Announced By oil tycoon T. Boone Pickens, that he's donating $63 million to the athletic department of his alma mater, Oklahoma State. In 2005 Pickens, 80, gave $165 million to the school. The money was invested in his hedge fund, BP Capital, which has seen its holdings drop drastically in value. Oklahoma State has put some athletic building projects on hold, but on Monday, Pickens said he's helping the school continue "forward with improvements to its athletics initiatives."
Rejected By the NFL, a contract for Rams interim coach Jim Haslett that would have given him the permanent title if St. Louis wins six games. Haslett, 52, was promoted from defensive coordinator when head coach Scott Linehan was fired after the Rams got off to an 0-4 start. St. Louis won its first two games under Haslett, and the team tried to rework his contract to include the wins incentive. Last week the NFL said the deal would violate the league's so-called Rooney Rule, which requires interviews of minority candidates when there are coaching vacancies. "Jim wants to do everything in his power to further the goals of the Rooney Rule," Haslett's agent, Peter Schaffer, said, "even if it works against him."
Violated By at least six players, the NFL's drug policy, according to reports. KDVR-TV in Denver reported that the Saints' Deuce McAllister and Will Smith are among the players; Houston TV station KRIV said the Texans' Bryan Pittman is also on the list, and ESPN.com reported that the number of players who tested positive for banned substances may exceed 15. McAllister and Smith allegedly used bumetanide, a diuretic that can be used as a masking agent. Pittman and McAllister denied wrongdoing, and Smith would not comment. A first-time offense results in a four-game suspension.

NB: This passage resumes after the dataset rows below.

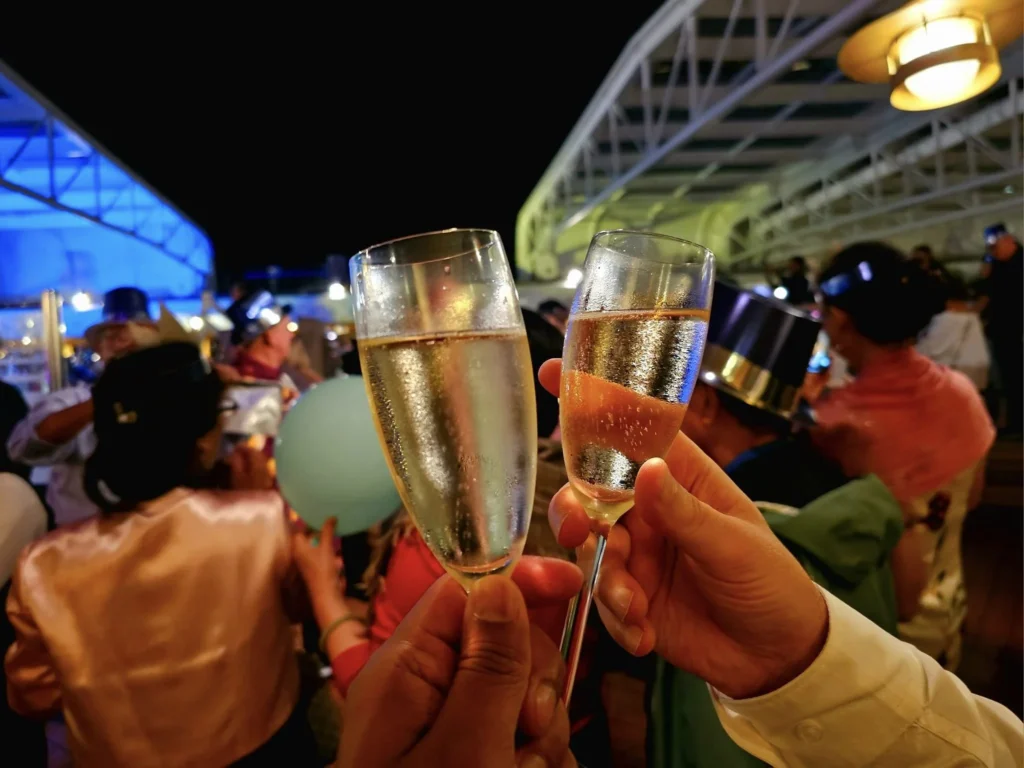 Cruising with Danny and Peter, Holland America Line, Westerdam, Nha Trang, Vietnam, Nha Trang Island Escapade Adventure | Group of tourists enjoying a Nha Trang Island Escapade Adventure featuring Mieu Island Exploration under a tropical sun, vibrant underwater scenes from Coral Reef Snorkeling in Nha Trang Bay, the pirate ship-shaped Tri Nguyen Aquarium showcasing a Marine Life Experience on a Vietnam Coastal Adventure, local fishermen feeding groupers during a Fishing Village Visit, relaxing on golden sands at Mini Beach Relaxation after a Nha Trang Island Tour with Holland America Cruise, and a scenic view of Nha Trang Bay from a boat during a Tropical Island Retreat.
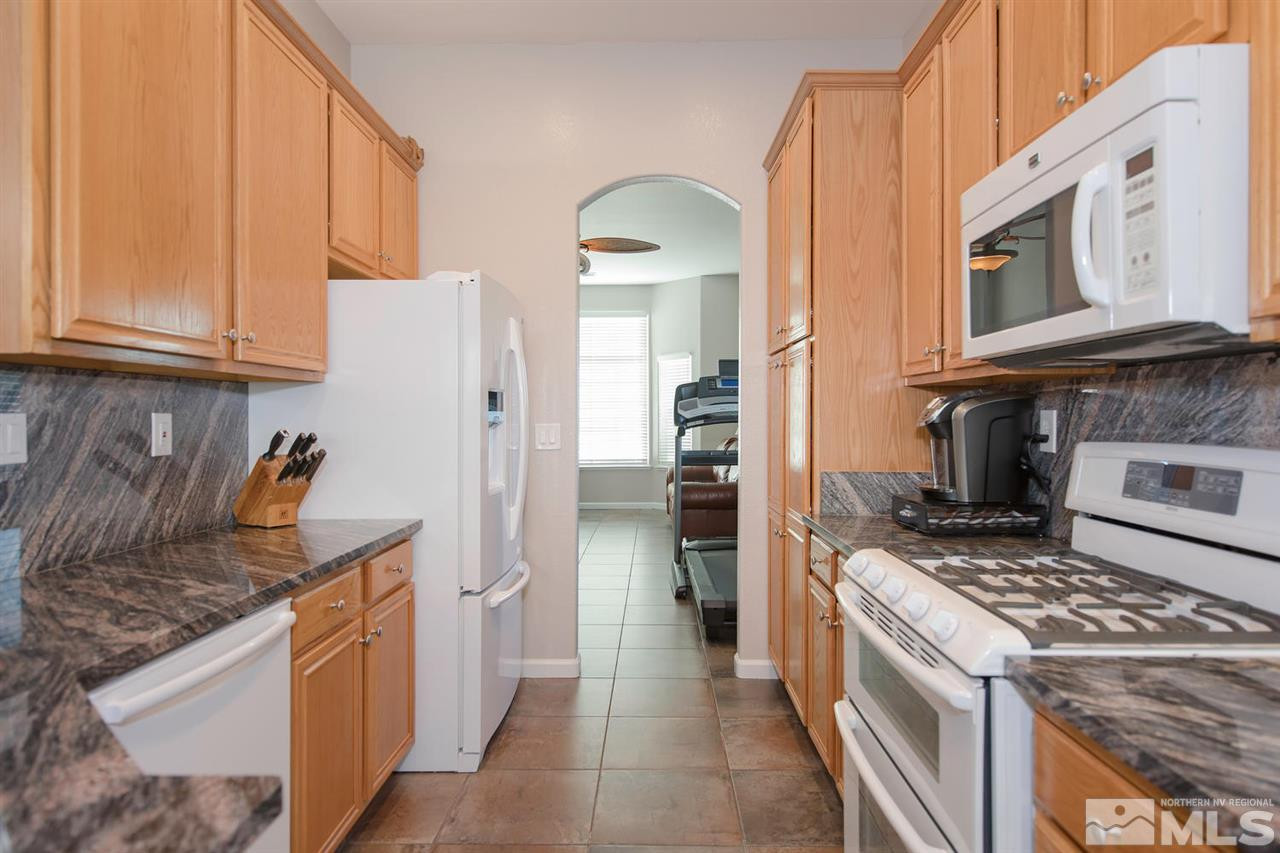 1184 University Ridge Drive Reno, NV 89512 - Photo 8 of 25 a kitchen with stainless steel appliances granite countertop a stove and a refrigerator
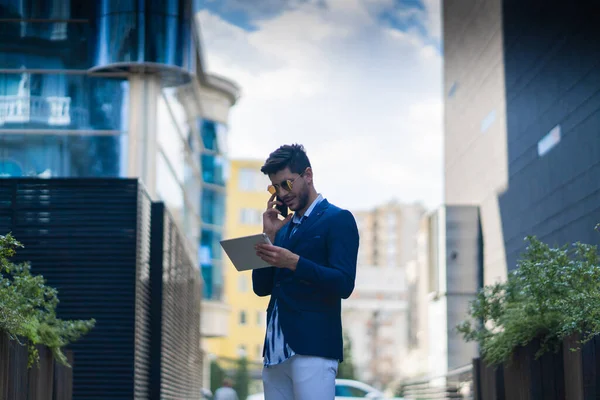 Urban businessman is smiling while talking on the phone and looking at his ideas and plans on his tablet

Won By John McCain, the Bobble-Election held by the Manchester (N.H.) Monarchs of the AHL last Friday. Before their game against the Wilkes-Barre/Scranton Penguins the Monarchs stocked up on 1,000 bobbleheads of the Republican presidential candidate and 1,000 of Democratic nominee Barack Obama. Fans at Verizon Wireless Arena were given their choice of bobblehead as they entered, and the first candidate to have his supply exhausted was declared the victor. McCain won by 32 bobbleheads, giving him 50.8% of the vote. The Monarchs' result contradicts a Boston Globe poll, released Sunday, which had Obama ahead by 15 percentage points in New Hampshire.
Won By Norm Duke, the PBA World Championship in Wichita, Kans., on Sunday, making him the first PBA Tour bowler in history to win three consecutive majors. Duke, 44, also won the Denny's World Championship last February and the U.S. Open in March. This was Duke's second straight World Championship win.
Hosted By Palestine for the first time, an international soccer match. Palestine, ranked 180th out of 207 teams in the world, played Jordan to a 1-1 draw in a friendly on Sunday. The game took place at Al-Husseini Stadium--the only regulation-sized field on the West Bank--in the town of al-Ram. The stadium recently had a $4 million renovation financed by FIFA. Said FIFA president Sepp Blatter, who was in attendance, "We are here to realize a dream, that is the national team of Palestine playing in its own stadium."